And so I wrote it. I factored in Beck as one of the conditions. And so I wrote it such that you
can just change the dimension. So in fact, if you give them to me now, I'll type them in. Yeah.
And we can set it going. Right. So the shortest width is 42 centimeters.
42 across the front.
Wow.
It is bigger.
And lengthwise, we're looking at 60 centimeters.
60.
That's the front?
That's the front.
Yep.
And on the back?
And on the back, 67 centimeters.
60.
That is substantially bigger.
Okay.
So I've got all that code now.
Dropping that into Python.
And I'm running the program I've just called Shirt.
And it's off.
I will, against my better judgment, upload my code to GitHub afterwards.
And we'll put a link in the show notes.
If people want to go and have a look at it.
Don't judge me.
It wasn't written for public viewing. But I will put my code up on GitHub if people want to go and have a look at it. Don't judge me. It wasn't written for public viewing,
but I will put my code up on GitHub if people want to go and check it out. And if you think
you can write a better version, you're probably right. In hindsight, I should have put a few extra
lines of code in that gives an update on how much it's done. At the moment, I'm just looking at a
cursor and it's working in the background. So how about let's go and deal with another problem
and we'll come back to this and see if it's done afterwards.
Okay.
This problem comes to us via Twitter from HGoldstein95 who says,
What portion of the energy that goes into a clothes dryer
ends up trapped as static electricity on the clothing?
That's great.
It's like they're worried about wasted energy going into the static energy in the clothing.
Yeah, which makes sense. I was watching the show that I did in 2019, the I'll Be Back show last night. You weren't just at home watching it to remind yourself of the good times it was being live streamed as part of a big event
yeah yeah yeah yeah but but one of the jokes i'd forgotten was um essentially talking about how
dumb lampshades are and why did we invent lampshades instead of just making the light
dimmer and i feel that h goldstein 95 has had the same thing here where they're like how much
energy could I be
harnessing from these clothes? Well harnessing is not a bad way to look at it because I did a bit
of research and some people have tried to come up with devices that will collect static energy
or have some kind of movement that generates static electricity that can then be harvested
so I was originally thinking
it's going to be too small to matter, but then if people are trying to collect it, I'm like, okay,
that's a non-zero amount of energy. But now the question is, how much is it compared to what it
takes to run a clothes dryer?
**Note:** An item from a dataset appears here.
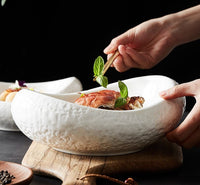 Simple Shaped White Ceramic Dinner Bowl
Now, before we go into any of that, just to recap, energy is the
ability to do work. So a a normal clothes dryer and they range dramatically
they seem to be about 3 000 watts and that's power which is energy over time so a watt is one joule
of energy every second and so 3 000 watts that means you're using using 3000 joules of energy per second.
And I don't know how long it takes to dry clothes.
So I went for an hour.
So I'm making a bunch of assumptions here.
But if you've got a 3000 watt dryer, you run it for an hour,
which is 60 minutes of 60 seconds.
That's 3600 seconds.
At the end of that, you've used about 10 million joules.
That's the amount of energy
going into your clothes dryer.
Hopefully, the bulk of that
is drying the clothes
and a little bit like spinning it
and the dials and the lights
and everything else.
That's a lot of joules.
It's a lot of joules.
It's a lot of energy.
If you spelled that differently,
that would be treasure.
A lot of joules.
Yeah.
There you are.
A homonym.
That's so good. i thought just to put
that into something we understand a lot of people talk about calories yeah how many calories a day
do you do you know what you burn what's your calorific output i think it's roughly 2 000 does
that sound right that's about right yeah yeah vary between two, two and a half thousand calories output a day.
Give or take depends what kind of exercise you're doing. And that's about 10 megajoules. So the
energy it takes to run your clothes dryer for an hour is about the energy it takes to run a human
for a day. So that's your comparable amount of energy. That checks out because I reckon it would take me a day of going onto clothes.
Yeah.
A whole day to dry the clothes.
Yeah, yeah, yeah.
Good.
So there you are.
So it's about a human's day's worth of work.
But then I was like, how much energy is in the static electricity?
And the people doing the research, I couldn't find any good numbers.
They're like, oh, a hundred of our devices could power a light bulb.
And I'm like, yeah, but a light bulb is such an ambiguous unit of power.
Come on.
And so in the end, I decided to cheat and I looked up the International Electrotechnical Commission Standards.
Oh, they've got some great bands signed.
Oh, they do.
The good old Elect electrotechnical commission so so their
um regulation iec 60065 specifies the maximum amount of static electricity an electrical
appliance can discharge into a human whoa and i'm like well the clothes dryer must fit those
regulations so i'm going to use that as my kind of amount of static electricity
because if it was more than that, it could discharge.
It wouldn't be allowed to be made.
So if in doubt, just look up the regulations.
And that is 350 millijoules.
So 0.35 of a joule is the maximum amount.
So I took that as that's the most amount of energy you're going to have in your clothes in static charge.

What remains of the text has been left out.